A circular insulated copper wire loop is twisted to form two loops of area 𝐴 and $2𝐴$ as shown in the figure. At the point of crossing the wires remain electrically insulated from each other. The entire loop lies in the plane (of the paper). A uniform magnetic field $\vec{B}$ points into the plane of the paper. At $𝑡 = 0$, the loop starts rotating about the common diameter as axis with a constant angular velocity $\omega$ in the magnetic field. Which of the following options is/are correct?

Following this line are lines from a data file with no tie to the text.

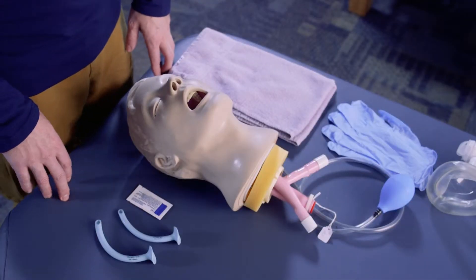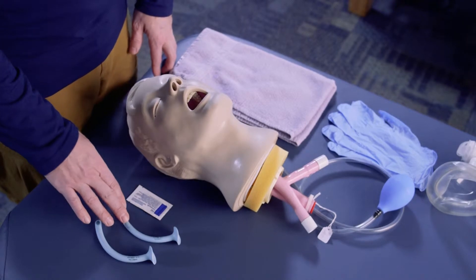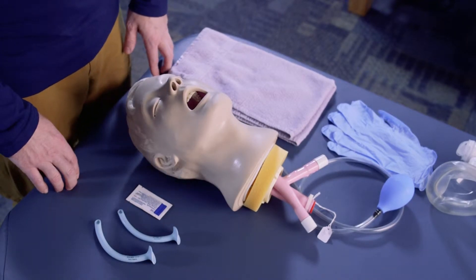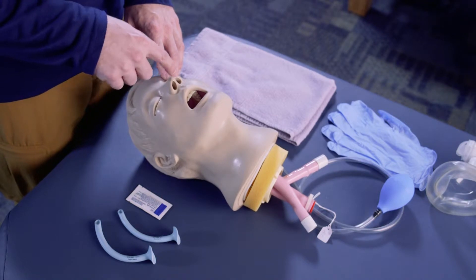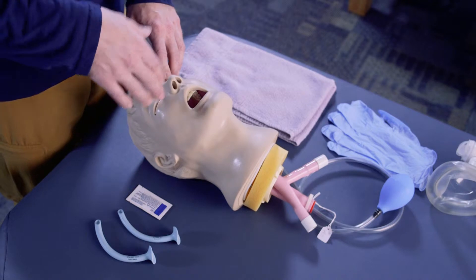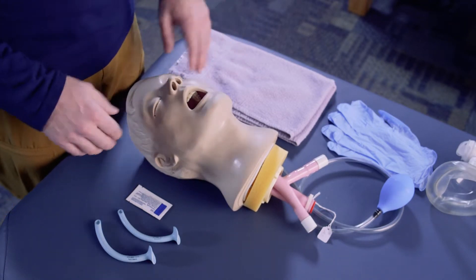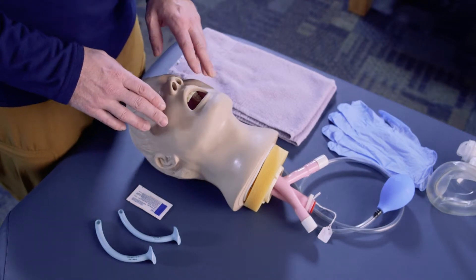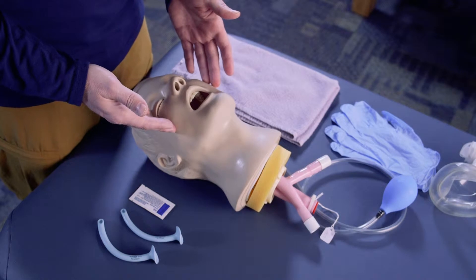The technique we're going to demonstrate here is inserting a nasopharyngeal airway, otherwise known as an NPA. It is a tube that goes into the nostril and back down into the throat to create an airway. This is a secondary airway used when the primary airway — the mouth — is not open.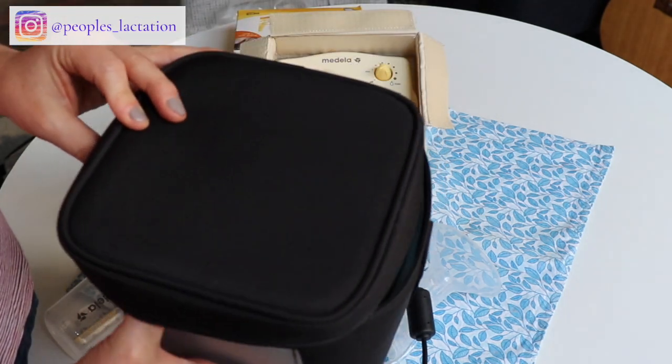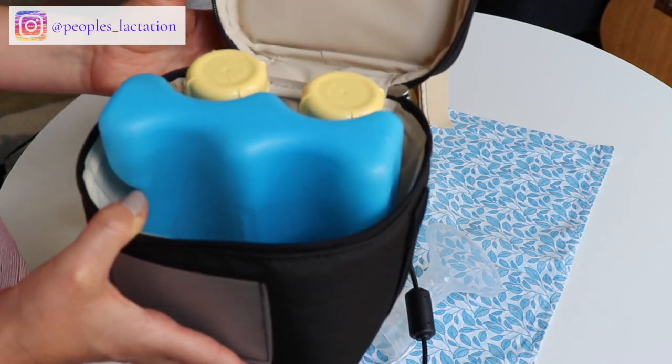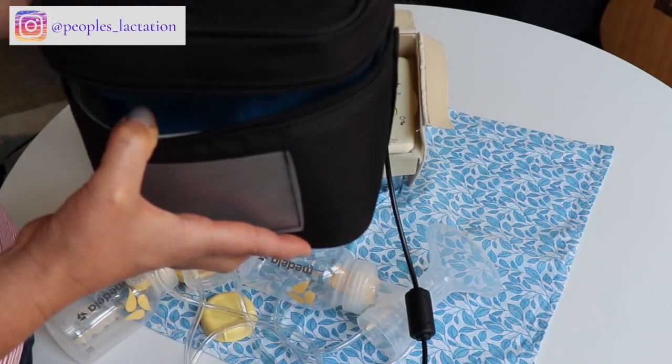Some Medela pumps also come with a little cooler and a bottle holder, which can be super convenient for pumping on the go. You can just put your bottles in here for up to four hours and you're good to go.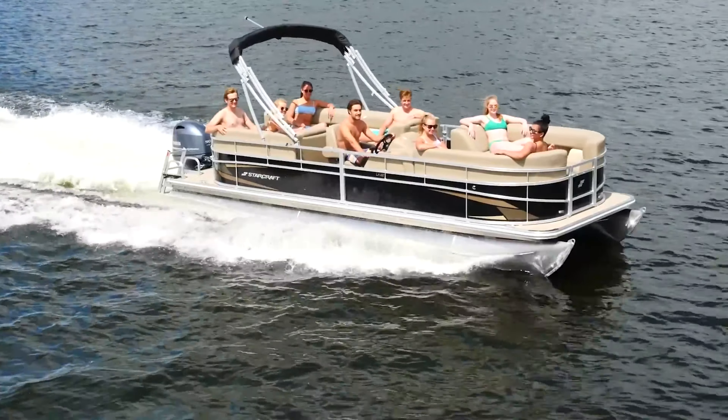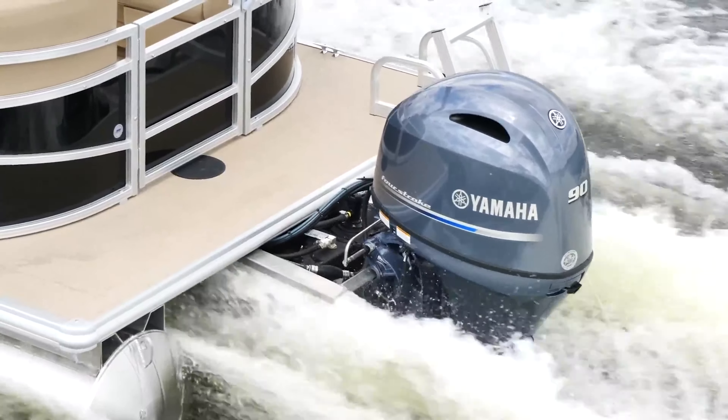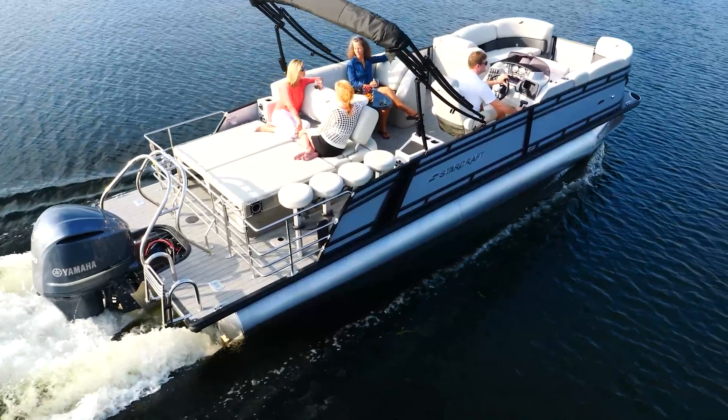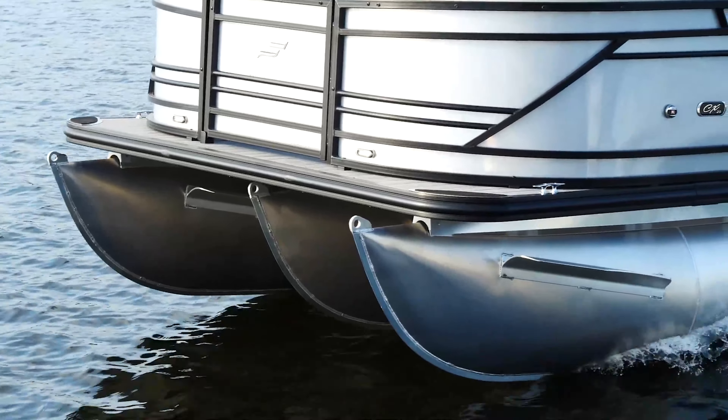Each tube of a pontoon or tri-toon is buoyant on its own. Put two together, and it allows manufacturers like Starcraft Marine to build massive deck plans — think of them like a floating patio. But modern pontoons have a better design than the old raft your grandfather used to putter around on back in the day. That center tube of the tri-toon is one of the major improvements.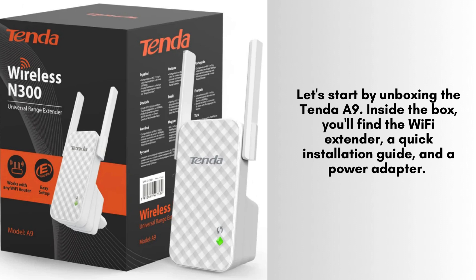First things first, unbox your Tenda A9 Wi-Fi Extender. Inside the box, you'll find the extender itself and a quick-start guide. Make sure everything is intact before proceeding.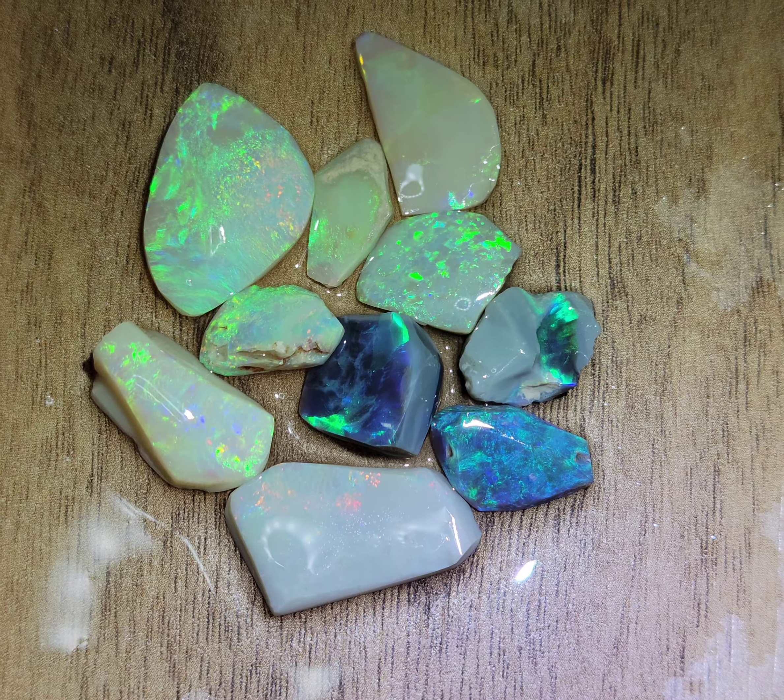Another super flashy piece. What about this incredible crystal? Gorgeous, gorgeous, gorgeous — look at the colors in this big piece.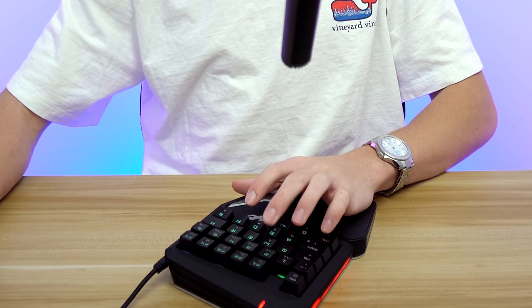I'm pointing the mic down to pick up the sound a little bit better, so I'm just going to use it and you can listen to get an idea of what the switches sound like.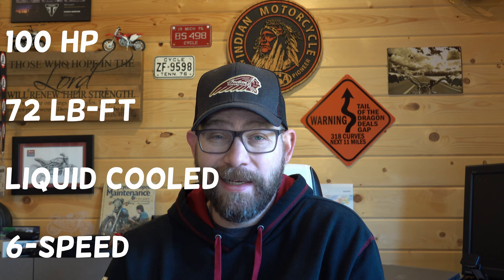Those are the five reasons why I think this is the best Scout ever. I look forward to being able to ride it and I'll definitely do another video as soon as I get some seat time. But I also wanted to hit on a few things where I think Indian fell short a little bit, and things that they should do in the future to the Scout lineup — things that I would like to see.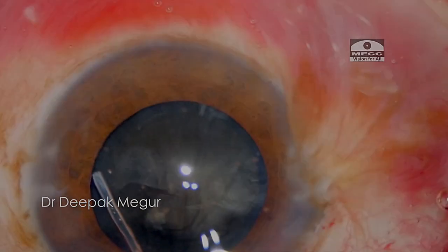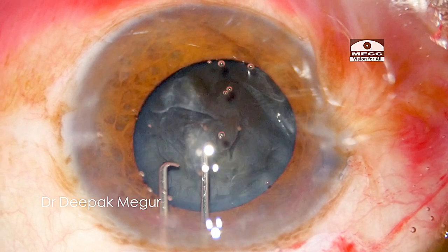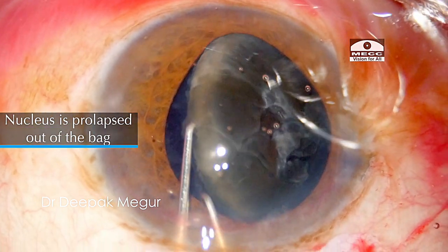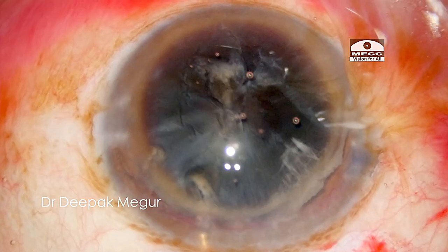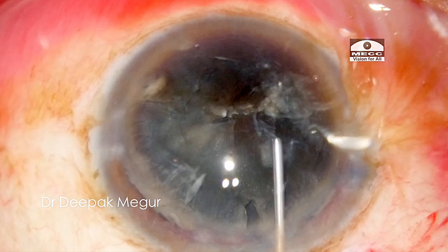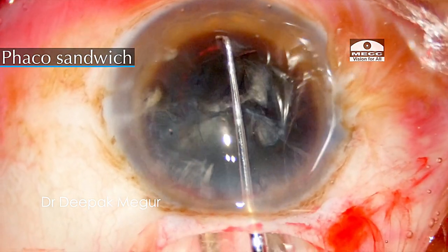Let us look at a few more cases. Here is a decently large rhexis. Hydrodissection is done, and then the nucleus is bimanually wheeled out of the bag into the anterior chamber. The OVD is replenished in front and behind the nucleus, and the nucleus is sandwiched between the vectus and the dialer and then extracted out.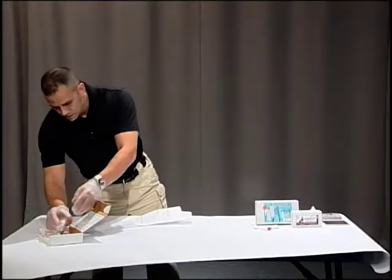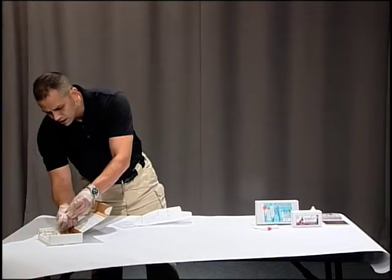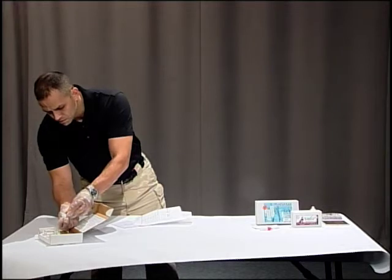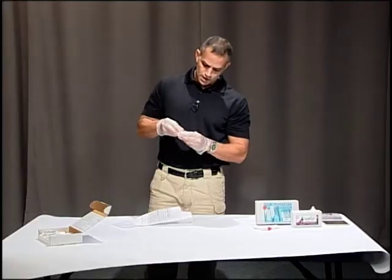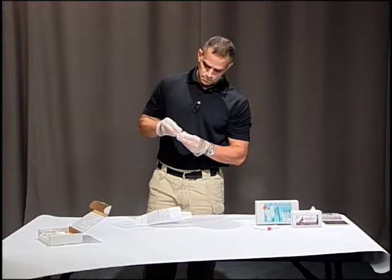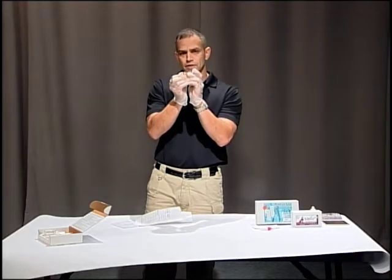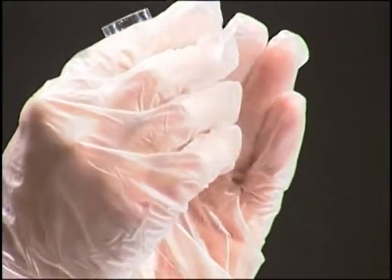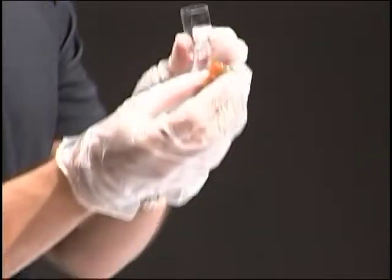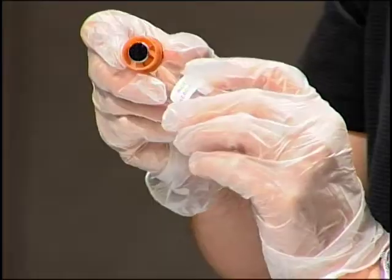Looking at these other swabs, they're going to tell you where you're going to swab. To open one, I remove the cap — you can see there's a little plunger on the end that's sticky. Normally I wouldn't touch that if this were out in the field. Then you're going to swab where it tells you to swab.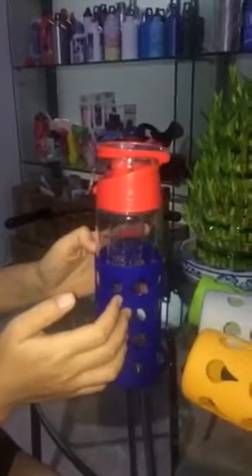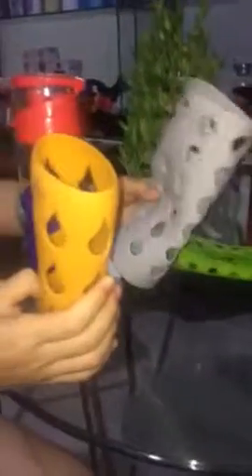This is the silicon sleeve to protect the glass water bottle. This silicon sleeve can be made in any color you want, fitting different colors and different kinds.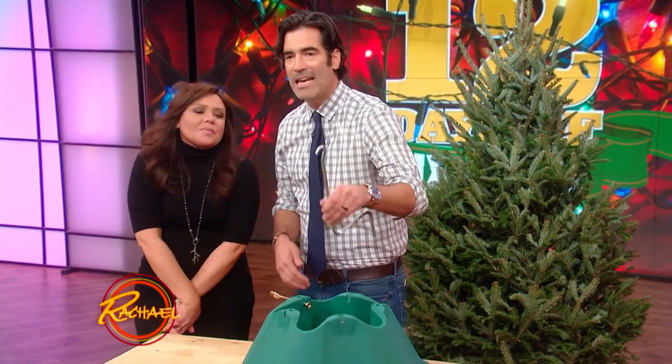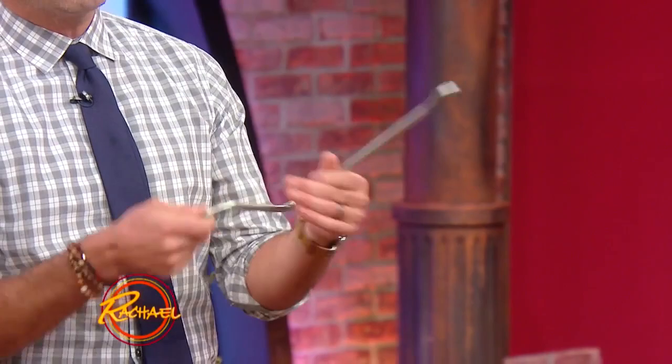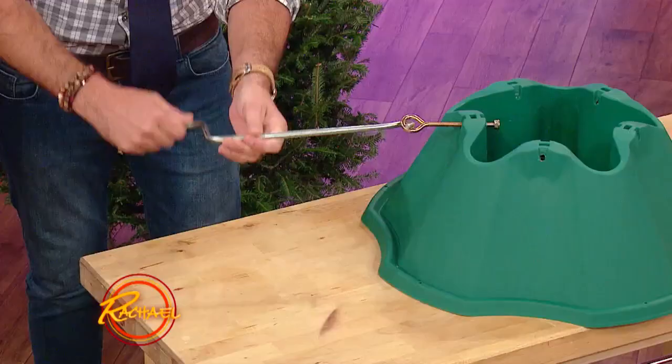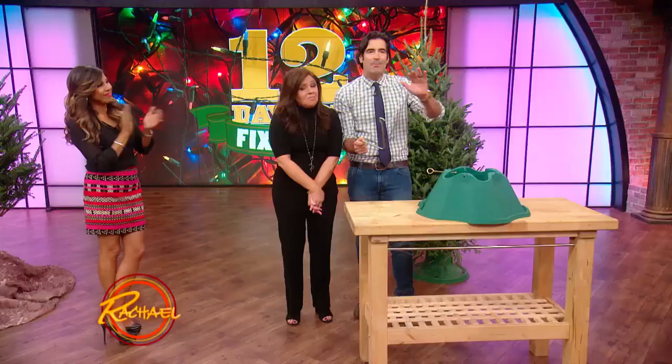So what you do is you take — this is called a car jack screw. When you get a flat and you have to lift up your car, you take this little guy and set it at the end. You can just tighten it like that. Super simple, super easy, something you have at home. Boom.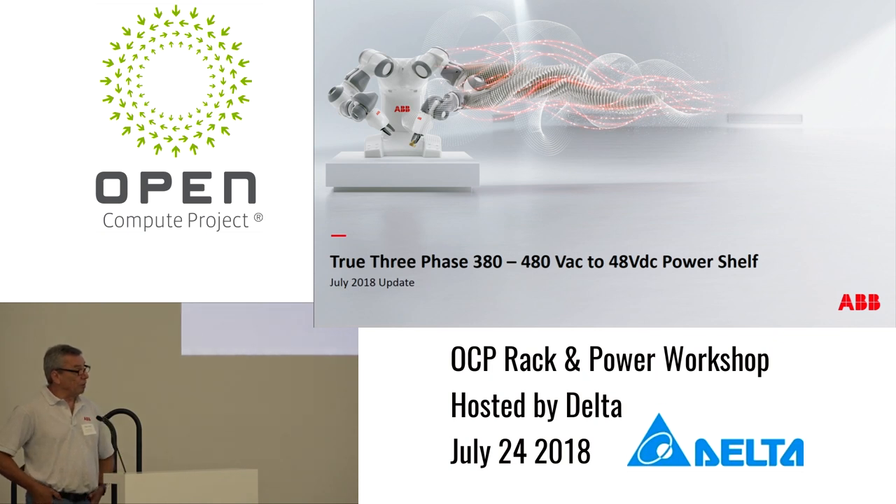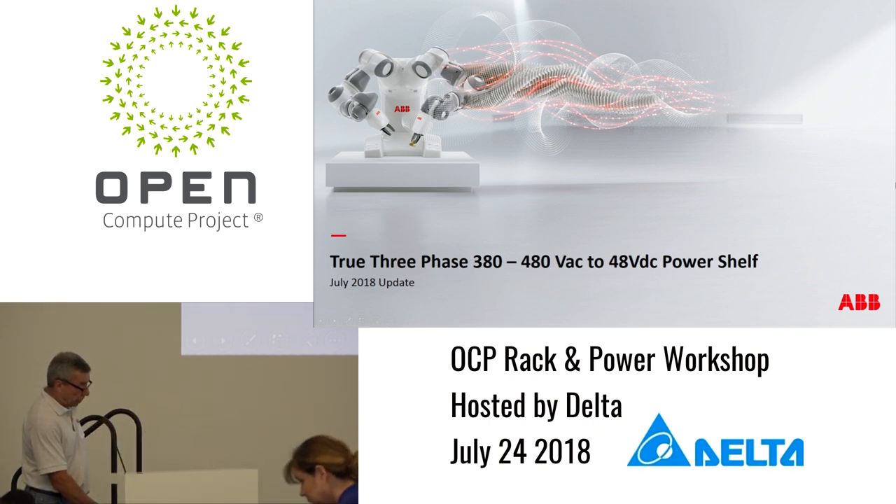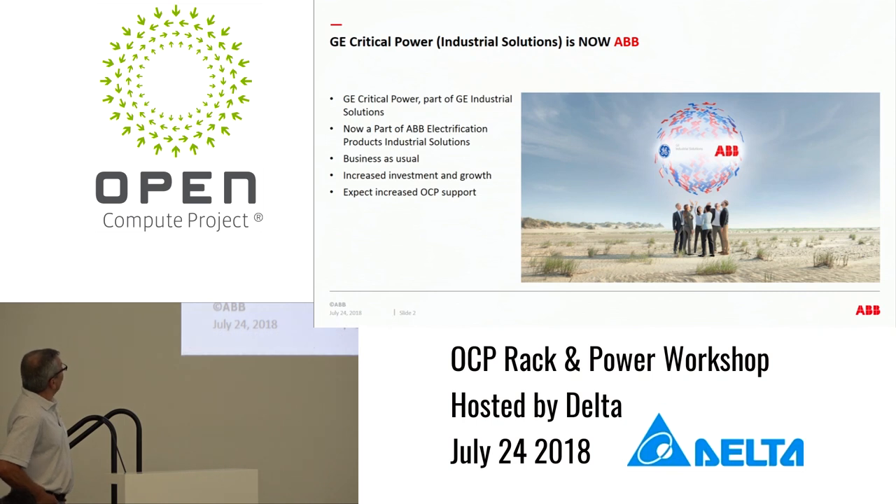Good afternoon. I have the enviable position of following lunch — I hope you're still awake. My name is Paul Smith. I'm with ABB Power Electronics, formerly GE. This happened about a month ago; we're now officially part of ABB. As far as the rest of our business, it's business as usual. The name over the door has changed, but that's about all.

• A. The emf induced in the loop is proportional to the sum of the areas of the two loops
• B. The amplitude of the maximum net emf induced due to both the loops is equal to the amplitude of maximum emf induced in the smaller loop alone
• C. The net emf induced due to both the loops is proportional to $\cos \omega t$
• D. The rate of change of the flux is maximum when the plane of the loops is perpendicular to plane of the paper

Answer 1

Answer: (B), (D)

(A) $ \phi_{1}=- BA \cos \omega t$
$ \Rightarrow \varepsilon_{1}=\frac{ d \phi}{ dt }=- B A \omega \sin \omega t $
$\phi_{2}=2 BA \cos \omega t$
$\phi_{\text {net }}=\phi_{2}+\phi_{1}= BA \cos \omega t $
$\varepsilon=-\frac{ d \phi}{ dt }=+ BA \omega \sin \omega t $
$|\varepsilon|=\left|\varepsilon_{1}\right|$
(B) $\phi= BA \cos \omega t$
$\frac{ d \phi}{ dt }= B A \omega \sin \omega t$
$\frac{ d \phi}{ dt }$ is maximum when $\sin \theta=1$
$\theta=90^{\circ}$
$\vec{B} \perp \vec{A}$
(C) $\varepsilon \propto \sin \omega t$
(D) $\varepsilon \propto A_{\text {net }}$
when $ A _{\text {net }}= A _{1}- A _{2}$